*** Opening of Supplied data ***

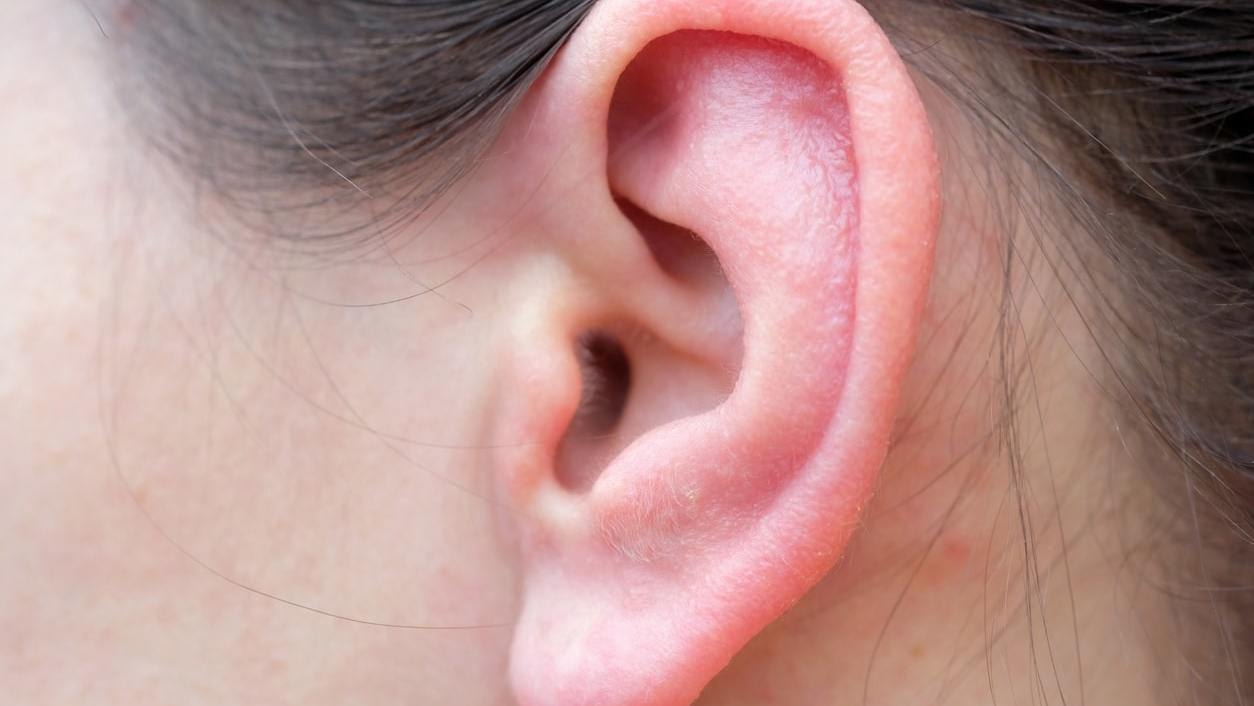 Close-up-of-dry-ear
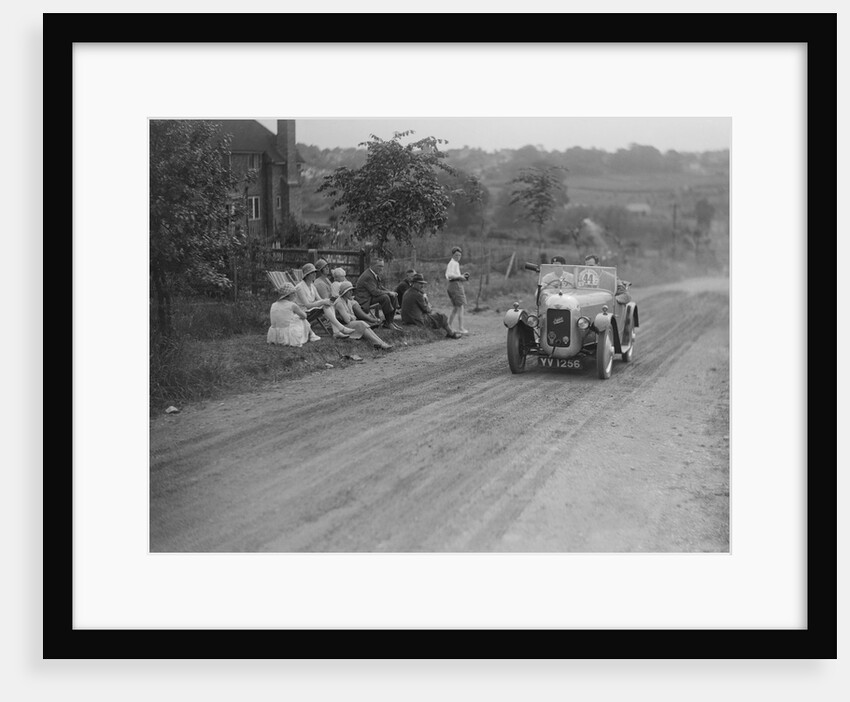 Austin Swallow of Mrs A Stanley competing in the Middlesex County AC Hill Climb, c1930 by Bill Brunell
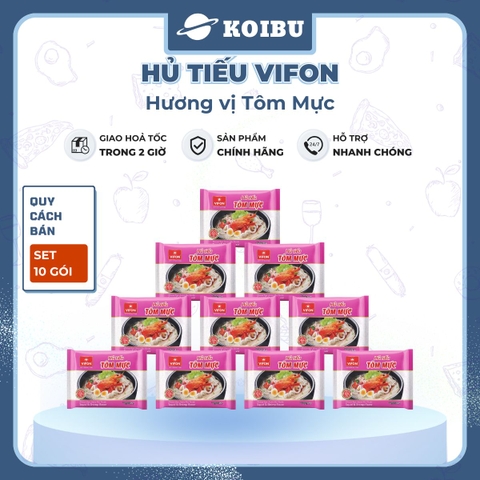 VIFON - Hủ tiếu Vifon hủ tiếu Tôm mực, Hủ tíu Tôm mực Vifon, Hủ tiếu Tôm mực Vifon, Hủ tíu Vifon - 65g/gói - 00168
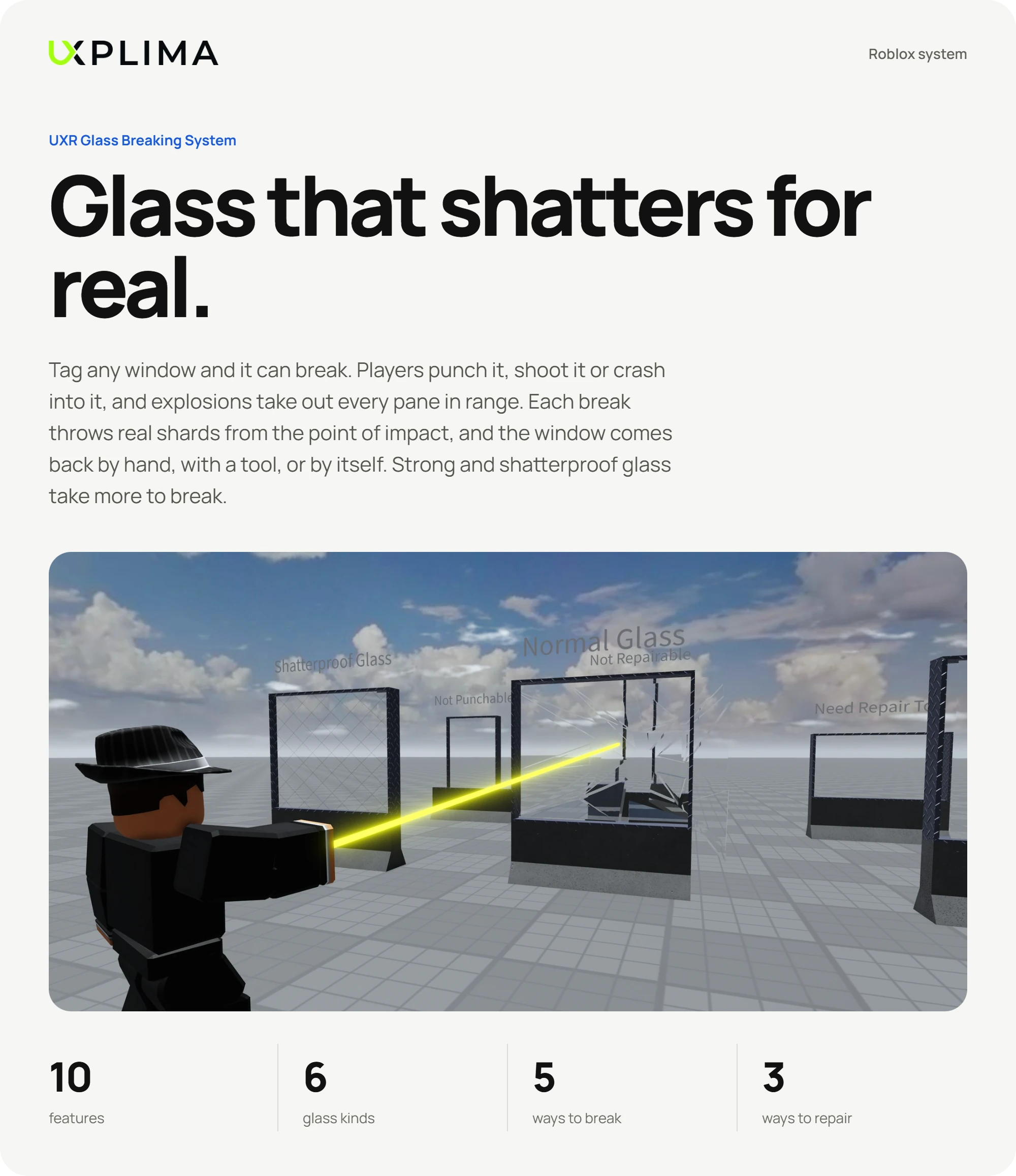 UXR Glass Breaking System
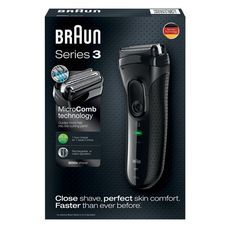 Rasoir électrique Braun 3000S Series 3 Noir au meilleur prix au Maroc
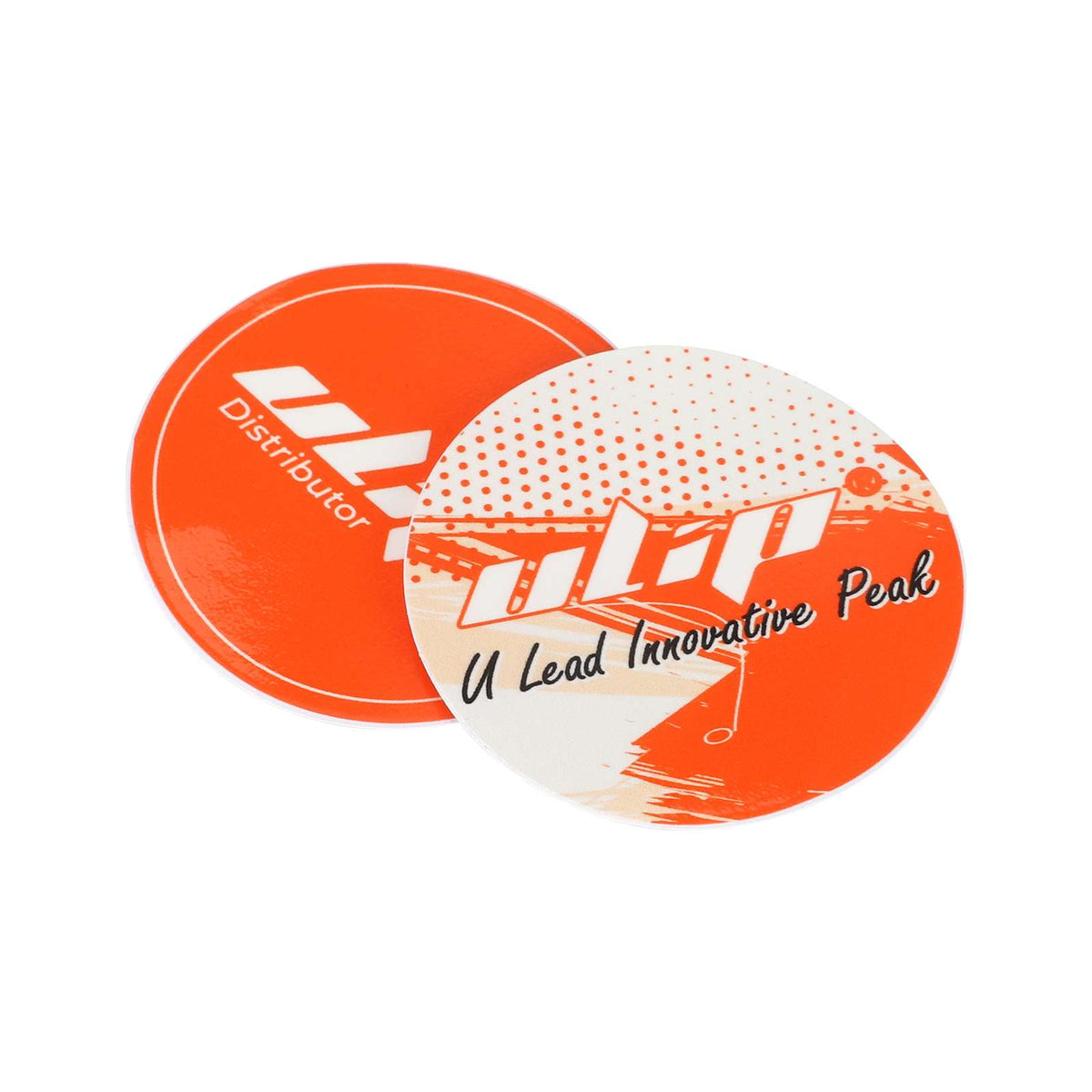 Lot de 2 Autocollants Ronds Orange (5 cm), vue 4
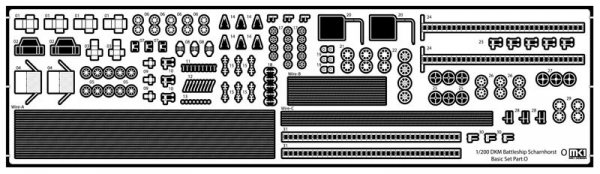 MK1 Design MD-20024 DKM Battleship SCHARNHORST DX PACK for Trumpeter 1/200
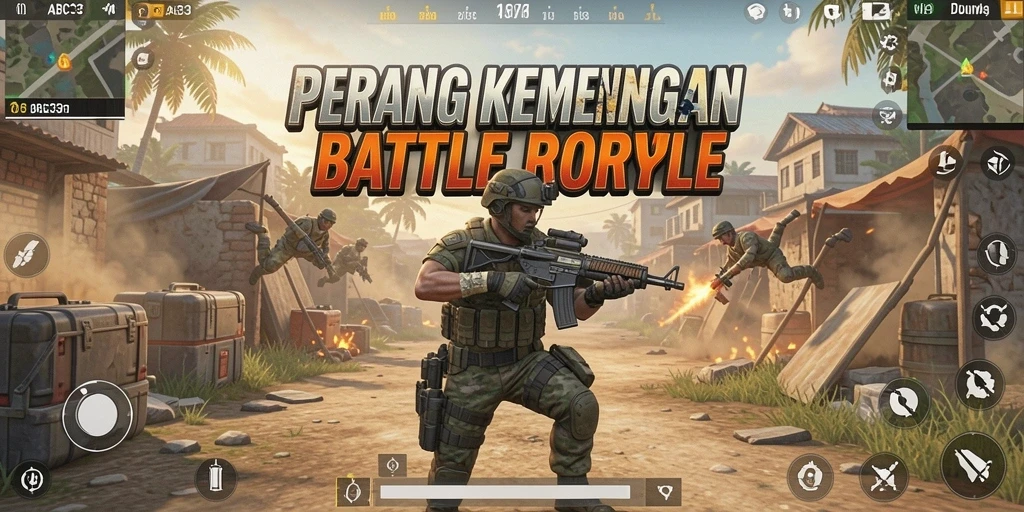Tampilan gameplay seru dalam Battle Royale ABC33.
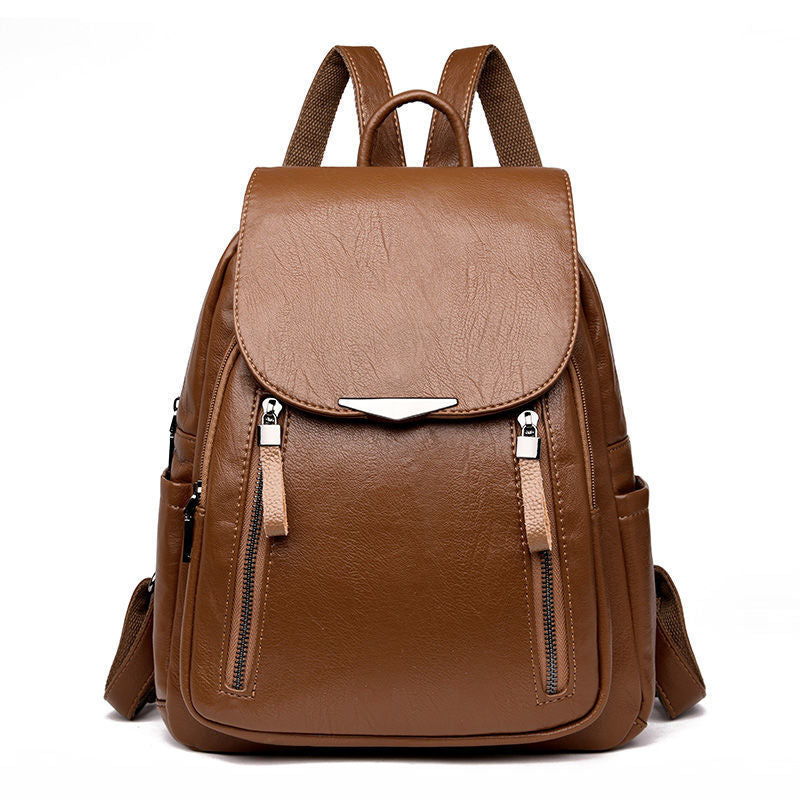 Wild fashion casual PU backpack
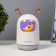 Night with a moisturizer dog on the moon LED USB AKB Gray 8.3x8.3x15 cm Risalux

*** Close of Supplied data ***

**Work required**
Please copy the lines exactly, beginning at the one containing "Austin Swallow of" and ending at the last line of the records above, both included, with the pictures left out.

**Response**
 Austin Swallow of Mrs A Stanley competing in the Middlesex County AC Hill Climb, c1930 by Bill Brunell
 VIFON - Hủ tiếu Vifon hủ tiếu Tôm mực, Hủ tíu Tôm mực Vifon, Hủ tiếu Tôm mực Vifon, Hủ tíu Vifon - 65g/gói - 00168
 UXR Glass Breaking System
 Rasoir électrique Braun 3000S Series 3 Noir au meilleur prix au Maroc
 Lot de 2 Autocollants Ronds Orange (5 cm), vue 4
 MK1 Design MD-20024 DKM Battleship SCHARNHORST DX PACK for Trumpeter 1/200
Tampilan gameplay seru dalam Battle Royale ABC33.
 Wild fashion casual PU backpack
 Night with a moisturizer dog on the moon LED USB AKB Gray 8.3x8.3x15 cm Risalux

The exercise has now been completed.